HOW TO COMPLETE THIS TASK.
Look in the material below for the line holding "Kings Tire. ������, ����� ����". Set it down exactly, with each later line up to and including the line holding "bryle-o--neal-b-20-strain-v-22-blue-neon-yell-gray2".

MATERIAL TO PROCESS.
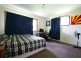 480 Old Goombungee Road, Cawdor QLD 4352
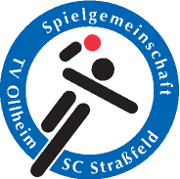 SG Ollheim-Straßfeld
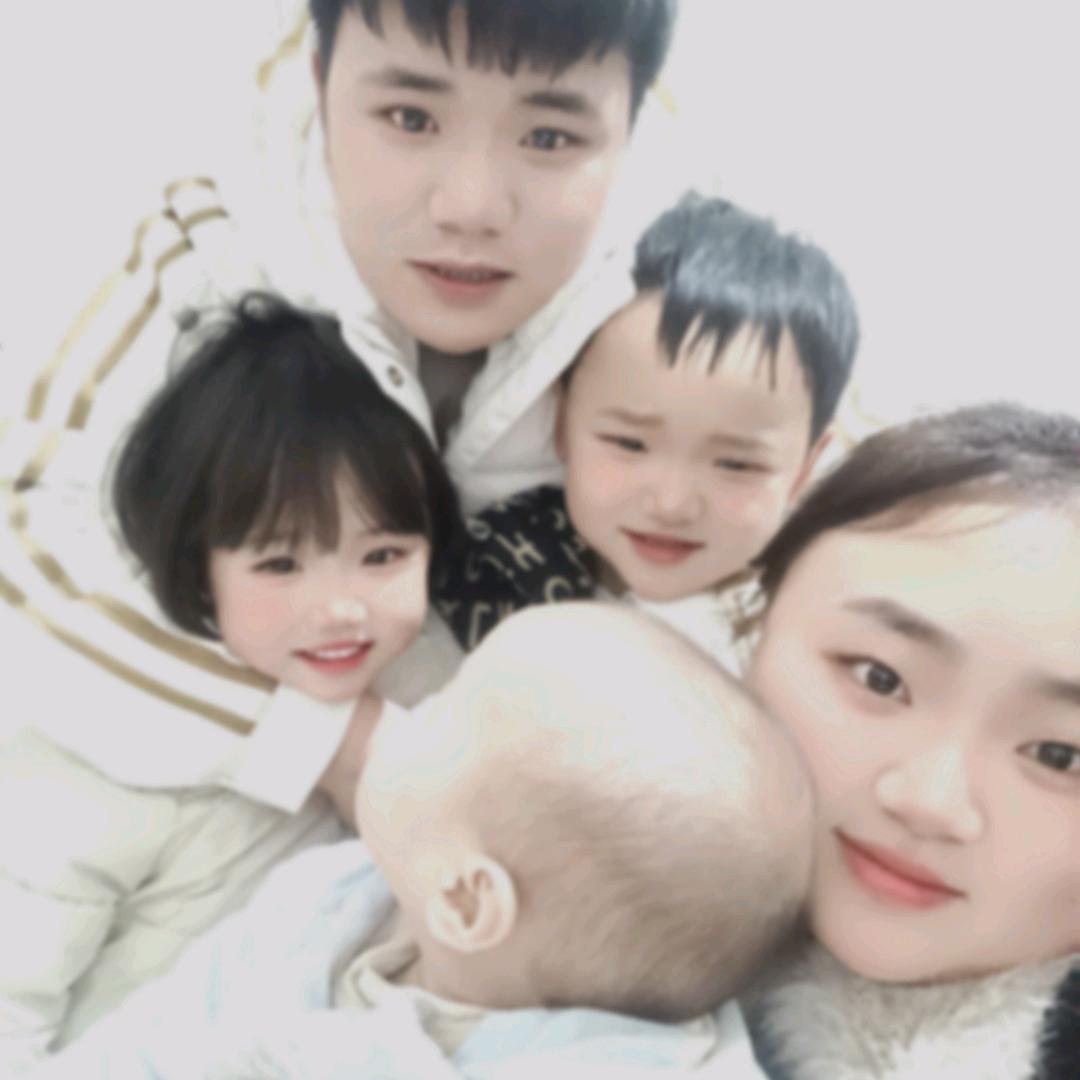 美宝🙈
...
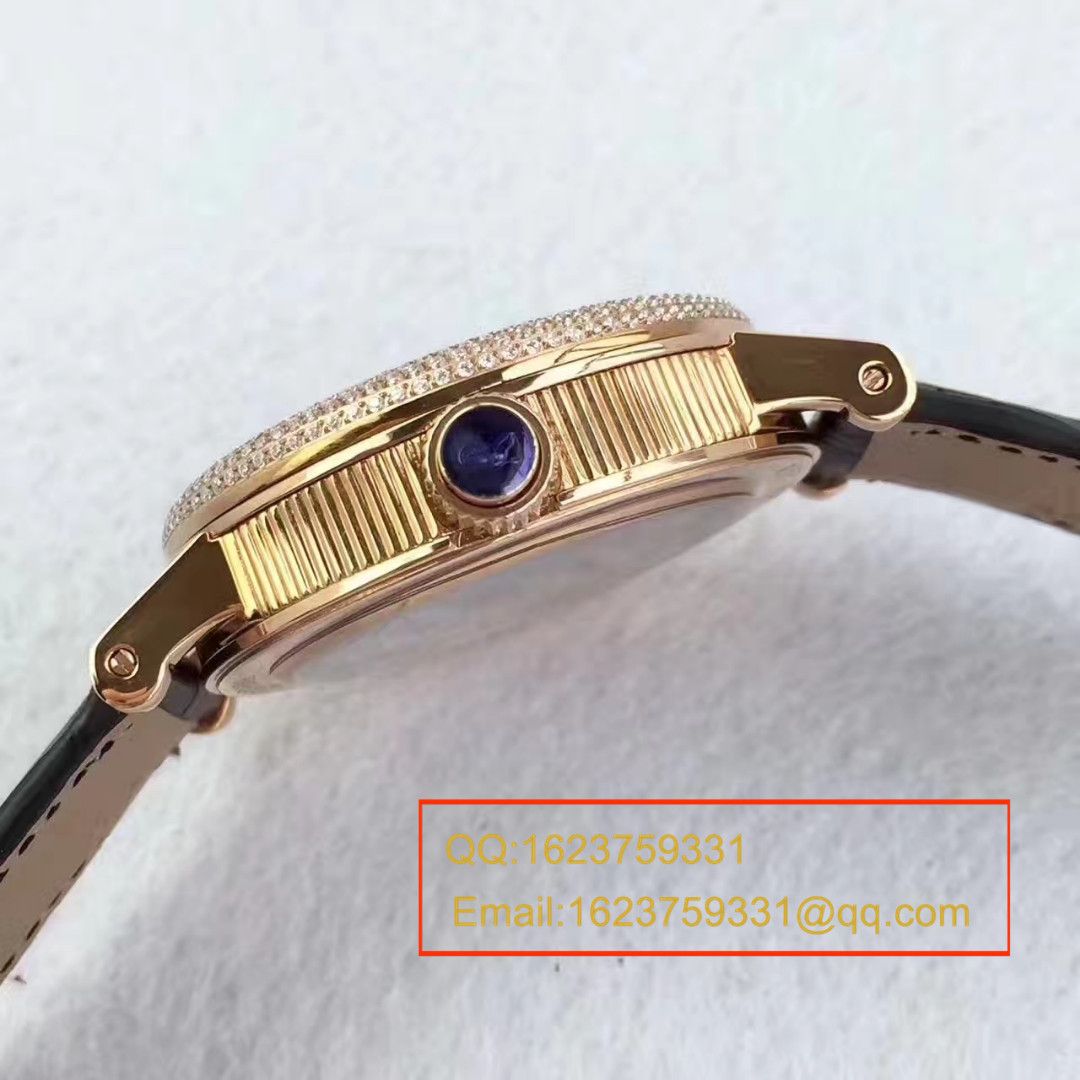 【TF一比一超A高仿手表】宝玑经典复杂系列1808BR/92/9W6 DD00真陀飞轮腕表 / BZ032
---
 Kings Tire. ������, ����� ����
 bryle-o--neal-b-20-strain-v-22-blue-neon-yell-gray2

OUTPUT FOR THIS EXERCISE.
 Kings Tire. ������, ����� ����
 bryle-o--neal-b-20-strain-v-22-blue-neon-yell-gray2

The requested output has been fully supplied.